This is the first entry in a new ARPLAN series: The Monthly Fragebogen. Over the next year I intend to post, once a month, an excerpt from Ernst von Salomon’s famous novel Der Fragebogen (in English ‘The Questionnaire’ or ‘The Answers’). Der Fragebogen was first published in 1951 by the Rowohlt Verlag publishing house and instantly became a huge success. Using the US Military Government’s de-nazification questionnaire for its structure, the autobiographical novel was the first major best-seller in West Germany and sold in large numbers both inside Germany and out, helping to cement Ernst von Salomon’s place in German literature. von Salomon, a Freikorps veteran and a member of the Weimar-era Conservative Revolutionary literary milieu, had been a successful novelist before the War, but it was Der Fragebogen which really made his name. It is an excellent book, one of my personal favorites, and as well as being a stirringly-written novel it provides an unparalleled introduction into the chaotic tumult that was German life and politics from the early 1900s until the collapse of the Reich in 1945. von Salomon rubbed shoulders with countless people of historical importance at one point or another, many of them members of the National Movement – Adolf Hitler, Ernst Röhm, Hans Zehrer, Ernst Jünger, Claus Heim, Bodo Uhse, Othmar Spann, Hans Grimm, Martha Dodd, Otto Meissner, Konrad Henlein, Hans Fallada, Hanns Ludin… He lived quite a life, and Der Fragebogen is quite a book.

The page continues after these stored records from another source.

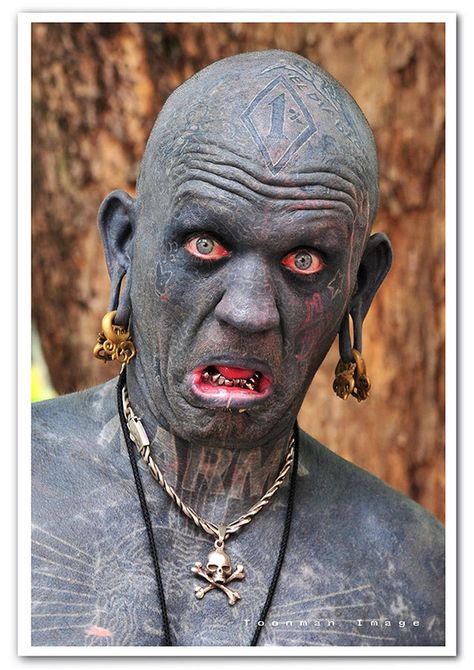 Strange People, Wild Tattoo, Tattoo Fails, Tattoo Shows, Bad Tattoos, Face Tattoos, Face Tattoo, Body Modification, Strange Things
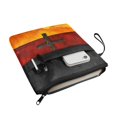 thumbnail image 3 of HELLHERO Book Storage Book Pouch Fabric Cloth with Zipper 11.4 x 8.7 inch 1 Pc Cross Design, 3 of 8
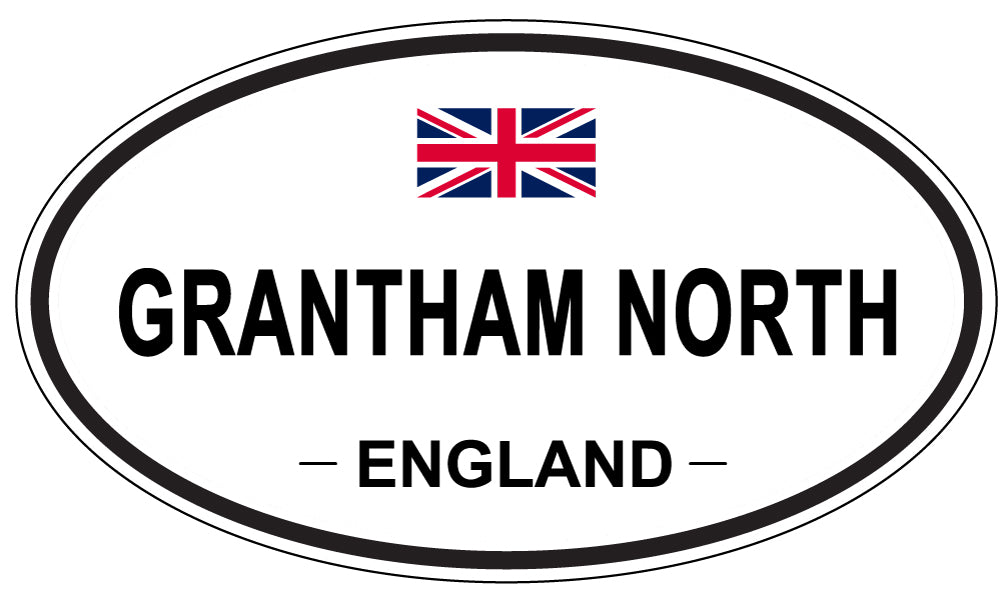 GRANTHAM NORTH, England - Oval Magnet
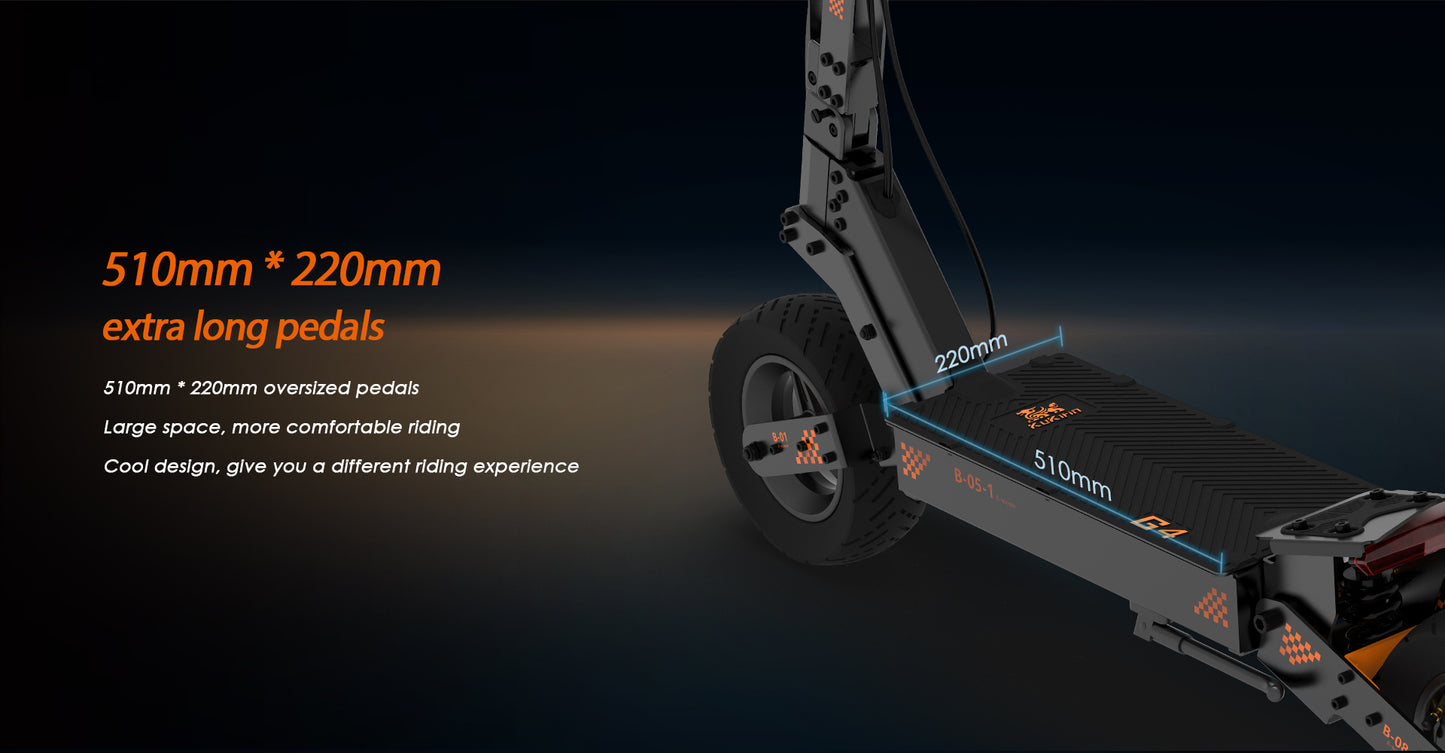 KuKirin G4 Electric Scooter | 70km/h Speed | 75km Range | 120kg Load | IP54 Waterproof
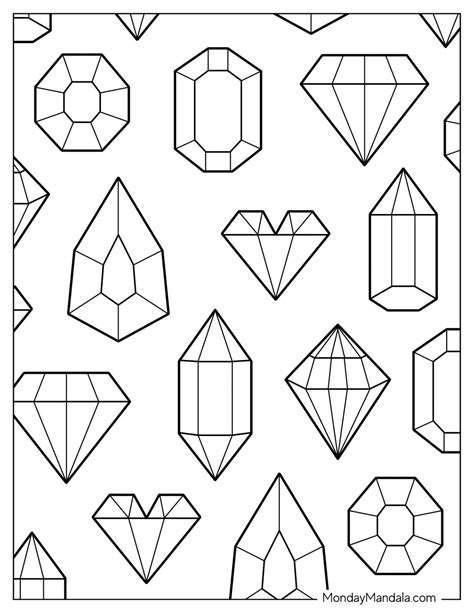 Mini Diamonds Coloring Pages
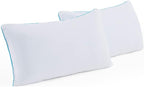 Linenspa Two Pack Shredded Gel Memory Foam Pillow, King Size – Cooling Bed by Linenspa
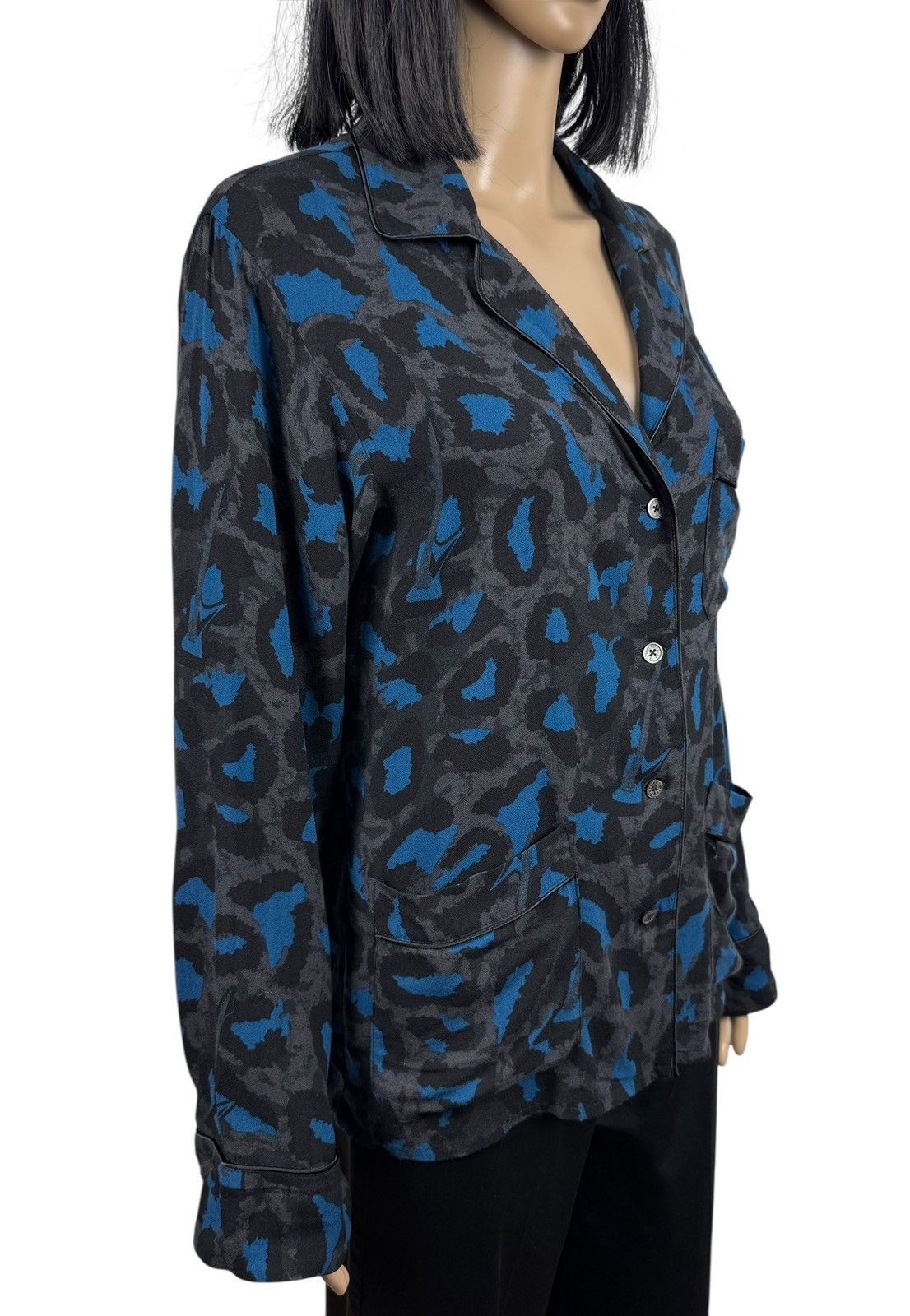 Zadig & Voltaire Zadig & Voltaire Printed Viscose Blouse Button Up size M Size M / US 6-8 / IT 42-44 - 4 Thumbnail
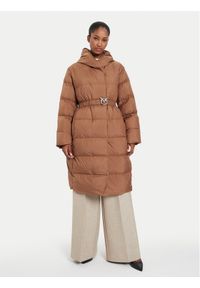 Pinko - PINKO Płaszcz zimowy Collirio 103828 A11M Brązowy Regular Fit. Kolor: brązowy. Materiał: syntetyk. Sezon: zima
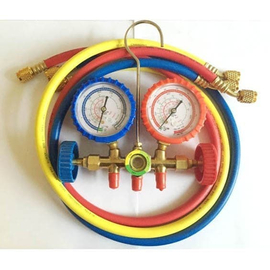 Манометрический коллектор Favor Cool CT-536D противоударный (R22,R407,R410 2 вентильный, шланги в комплекте), фото 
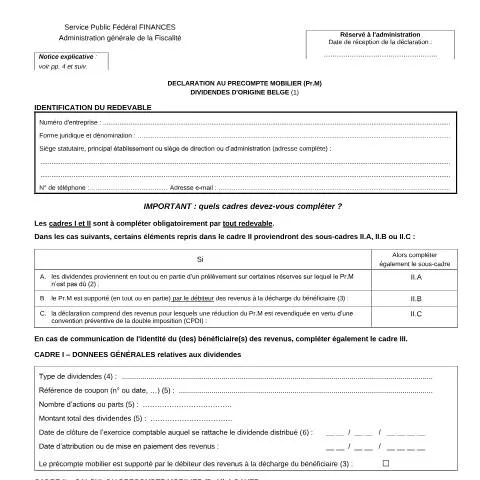 Aperçu du document Comprendre la Déclaration 273A-Div pour un dépôt réussi — Impôts & fiscalité (CERFA n°121-273a-div)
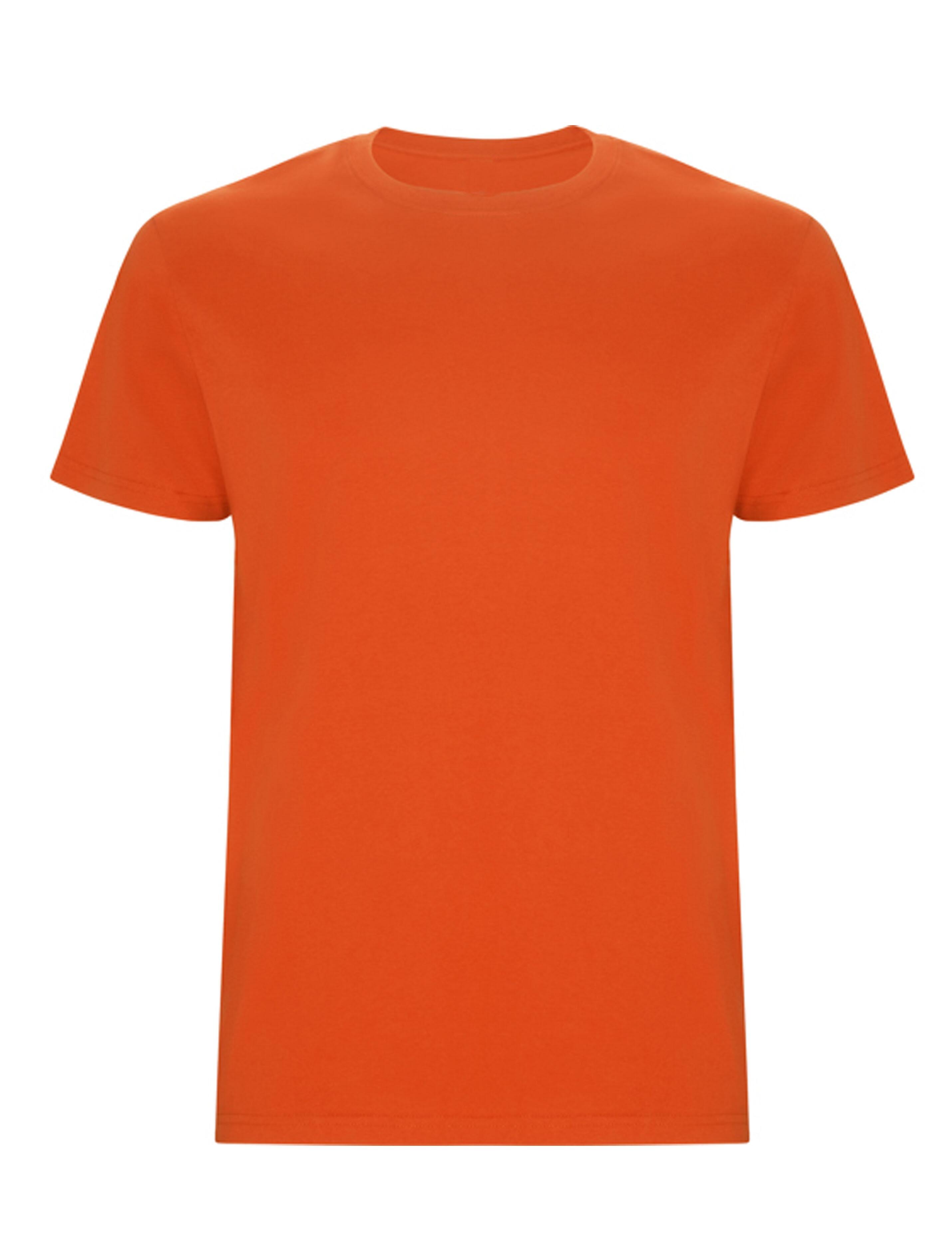 Orange children’s durable t-shirt for everyday wear and customization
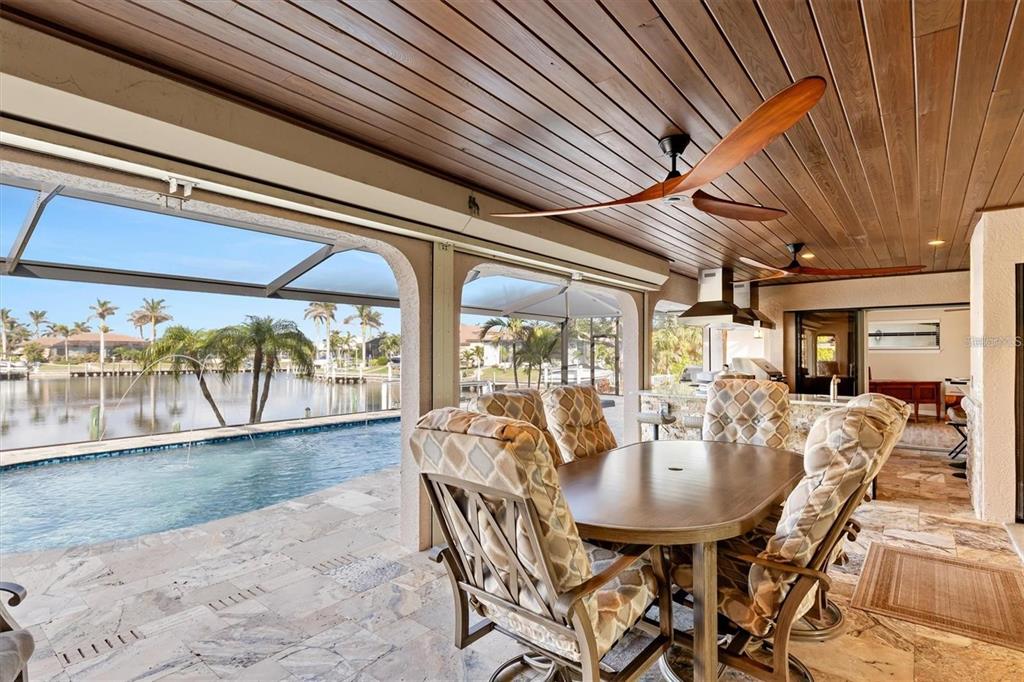 1701 Casey Key Drive Punta Gorda, FL 33950 - Photo 49 of 58 a view of a dining room with furniture window and outside view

The excerpt below is taken from Section E. of Der Fragebogen, ‘Membership in Organisations’. This long passage provides an on-the-ground view of the complicated relationship which the new National Socialist government had with other members of the National Movement during the regime’s early years. Although they were all ostensibly on the same side, the National Socialists and nationalist paramilitaries like the Stahlhelm, Wehrwolf, Kampfring, etc. had competed and occasionally fought against one another during the ‘time of struggle’, and the peace between them after 1933 was uneasy. In this excerpt von Salomon describes how the paramilitary he was associated with – the Marinebrigade Ehrhardt, headed by the eponymous, infamous nationalist revolutionary Captain Hermann Ehrhardt (“the Kapitän”) – was swallowed whole by the National Socialists like the Stahlhelm and all the others. The Ehrhardt Brigade had taken part in the Kapp Putsch; it had provided training to the SA when it was first being established; its members (as the ‘Organization Consul’) had been responsible for the assassination of government ministers Erzberger and Rathenau; under the name Bund Wiking it had dabbled in plotting revolution; and yet now it could no longer independently exist in the Third Reich it had longed to bring to power. On 17th July, 1933, as von Salomon describes below, the Brigade took part in a ceremony at Saaleck to both honor its fallen martyrs and to finally publicly commit its loyalty to Hitler’s government. A month later the Marinebrigade was incorporated as an independent unit of the SS. Less than a year after that, in February 1934, its independence was annulled, it was dissolved, and its members expelled or absorbed. Four months on and Kapitän Ehrhardt was forced to flee his fatherland lest he meet the same fate as Röhm or Schleicher. von Salomon’s description of these events is bitter; a man who fought and yearned for a nationalist Germany, yet was appalled at the betrayals this resulted in.
The nationalist militant organisations had ‘profited’ by the National-Socialists’ seizure of power. As the result of a compromise within the ‘national government,’ which had included such non-National-Socialist ministers as Hugenberg, Seldte and Papen, they had been placed on an equal footing with the Party’s organisations – which meant that they might do part of the latters’ dirty work. The SA and they received a sort of authority to act as police.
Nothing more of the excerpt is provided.